The Mudcat Café TM
Thread #56098 Message #875027
Posted By: JohnInKansas
26-Jan-03 - 02:56 AM
Thread Name: Mountain dulcimers: shape and sound
Subject: RE: Mountain dulcimers: shape and sound
The mountain or lap dulcimer is a very traditional instrument whose popularity has come from simplicity and - please no immediate howls of rage - low expectations. As usually constructed, it violates just about every rule in the book; and if you try to apply too many "rules" you end up with something not quite a dulcimer - at least to the traditionalists.
The tone you'll get depends quite simply on the internal volume and the total cross-section area of the holes you put in it. The bigger the internal volume, the bigger you can make the holes. The bigger the holes, to some extent, the louder it will be. Unfortunately, if you make the holes bigger to get more volume, it is quite easy to "de-tune" the thing so it sounds more like you're beating on a log than playing music.
Of course, to get sound out of the holes, they have to be "pumped" by flexure of some - preferably large - surface of the box. The traditional method of gluing the fingerboard solidly, along its full length, to the top of the box (we don't call it a soundboard at this point) ties the "best available" pumping surface into a rigid bar.
A traditonal lap dulcimer has no bridge in any conventional sense. The string can transmit vibration into the nut, or into the fret that you press it against. Either of these points is far too rigid to "move" in the conventional construction, so the sound must be transmitted as a "conduction wave" through the wood until it hits something that can bend.
You can make a significantly louder dulcimer - all things else being equal - simply by relieving the bottom of the fingerboard so that it contacts the top of the box at only one, or a few, localized points, thereby actually letting the top of the box move (in flexure) more freely. Moving the nut an inch or two out onto the top of the box, with a small contact directly under it should also help some.
Be aware that gluing the fingerboard down, as in the conventional configuration, contributes a lot more than one might expect to the stiffness of the fingerboard. If you leave it unattached (localized attachemts), you will need to add a lot of thickness to the fingerboard to keep it from warping under string tension. (Because its not uniform in thickness if you relieve much under it, the fingerboard won't just bend - it will assume some obscene and unexpected shape guaranteed to make fingering a torture test. Also makes it difficult to use a truss rod to compensate.)

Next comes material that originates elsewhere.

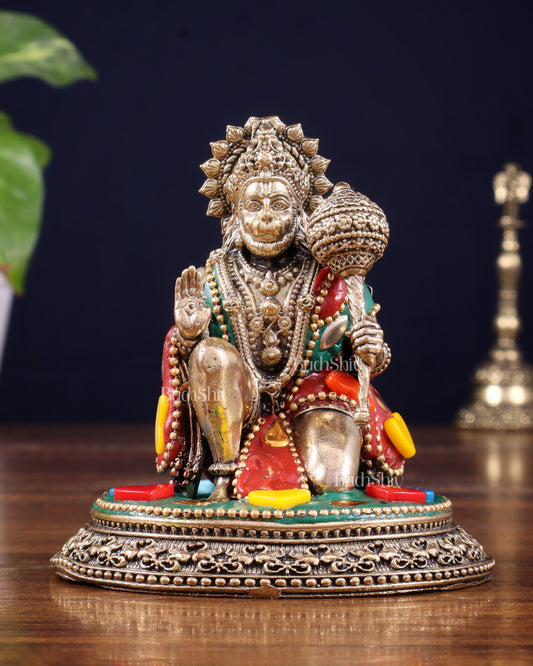 Pure Brass Superfine Lord Hanuman Idol - 3.5 inch with stonework - Sama Homes Idol - Brass Sculpture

In a conventional construction, it makes little difference what wood you use in the box, since the attachment of the fingerboard prevents the top board from doing much. If you can come up with a configuration that actually leaves the top board free to move in bending then you can call it a soundboard, and can start thinking about quarter-sawn spruce (which does work quite well - with the above mentioned modifications).
Be aware that what you have, if you proceed as above, won't be a mountain dulcimer to the traditionalists. If you really want loud rather than observing the traditional charm of the instrument - get a banjo.